Typisch australisch

Der Weltjugendtag versammelt viele Kulturen

Sydney (DT) Der Countdown zum Weltjugendtag in Sydney läuft. In einem Punkt sind sich die Veranstalter des Treffens vom 15. bis 20. Juli schon sicher: Der WJT wird ein multikulturelles Erlebnis. Das ist nicht schwer in einem Land, in das seit 220 Jahren Menschen aus aller Welt einwandern. Die Gastgeberstadt Sydney ist das beste Aushängeschild des multikulturellen Australien. Menschen aus 180 Nationen leben hier, sprechen 140 Sprachen. „Obwohl er eine katholische Initiative ist, hat der Weltjugendtag historisch gesehen auch auf die anderen Religionen in den jeweiligen Gastgeberländern eine positive Auswirkung“, unterstreicht WJT-Chefkoordinator Bischof Anthony Fisher. Jede dieser Kulturen hat ihre eigenen Religionen, Glaubenssysteme und spirituellen Konzepte mitgebracht. Tempel, Moscheen, Synagogen und Kirchen finden sich in der Stadt in friedlicher Koexistenz mit den Versammlungsorten der New-Age-Anhänger und Neu-Heiden.

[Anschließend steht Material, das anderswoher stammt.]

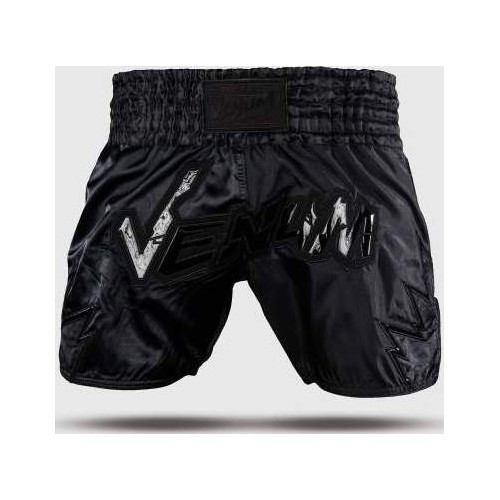 Venum Inferno 2.0 Muay Thai Shorts - Black/Grey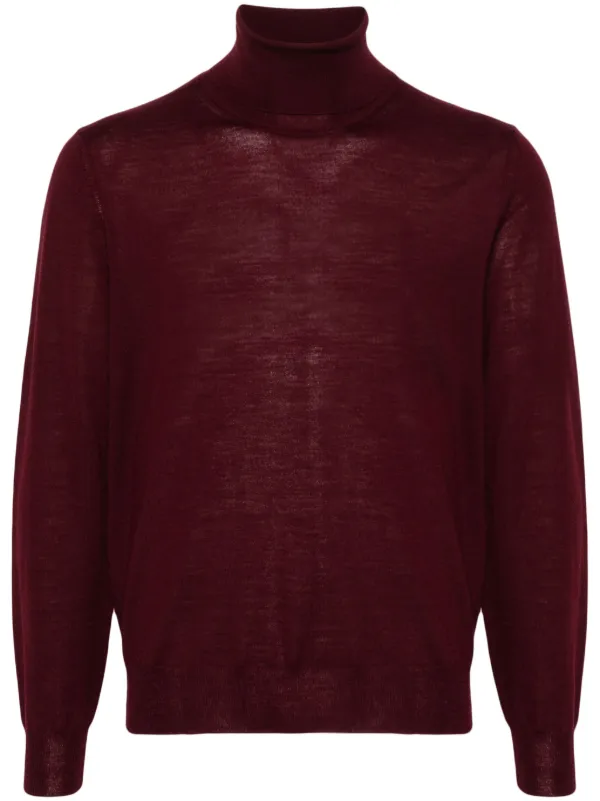 Canali Merino Wool Sweater Farfetch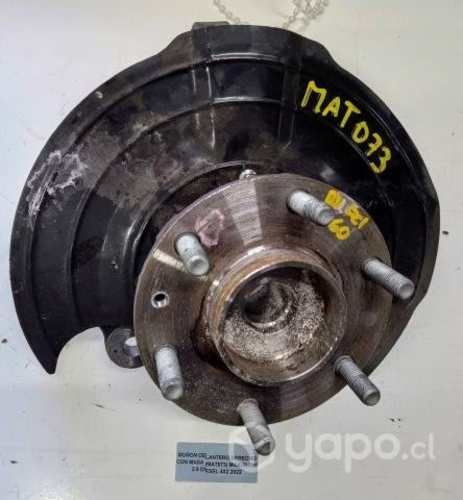 Munon Del Der Con Masa (MAT073) Maxus T60 2022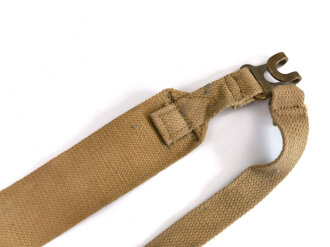 British 1941 dated Pattern 37 Haversack shoulder strap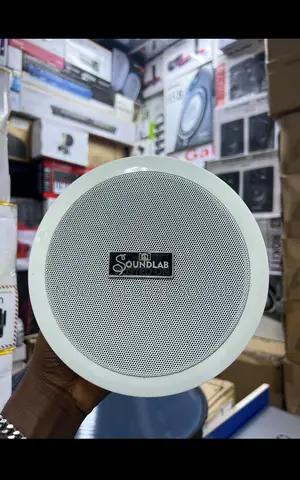 Soundlab 5 Inches Coaxial Ceiling Speaker 5-10watts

Die größte ethnische Gruppe sind die Chinesen. Nach Englisch ist Chinesisch die am häufigsten gesprochene Sprache Sydneys. Im 19. Jahrhundert suchten mehr als 100 000 Chinesen ihr Glück auf den Goldfeldern Australiens und brachten den Buddhismus ins Land. Auf eine lange Geschichte kann auch der Islam down under zurückblicken. Nachweislich hatten bereits im 16. Jahrhundert Händler und Fischer aus Indonesien Kontakt mit den australischen Ureinwohnern. Im 19. Jahrhundert importierten die weißen Siedler Kamele aus Afghanistan. Mit den Tieren, die weiland die einzige Möglichkeit darstellten, Waren und Güter durch die trockenen und heißen Weiten Australiens zu transportieren, kamen muslimische Kameltreiber aus Afghanistan. Aber Buddhismus, Konfuzianismus und Taoismus der Chinesen oder der Islam der Afghanen wurden von den weißen, angelsächsischen-anglikanischen Siedlern lange Zeit ebensowenig anerkannt wie die naturverbundene Religion und Spiritualität der australischen Ureinwohner. Anfang des 20. Jahrhunderts war mit dem Aufkommen der „Australien nur für Weiße“-Politik Schluss mit dem zaghaften Sprießen einer multikulturellen und multireligiösen Gesellschaft. Diese minderheitenfeindliche Politik sollte bis weit in die zweite Hälfte des 20. Jahrhunderts hinein das australische Selbstverständnis bestimmen.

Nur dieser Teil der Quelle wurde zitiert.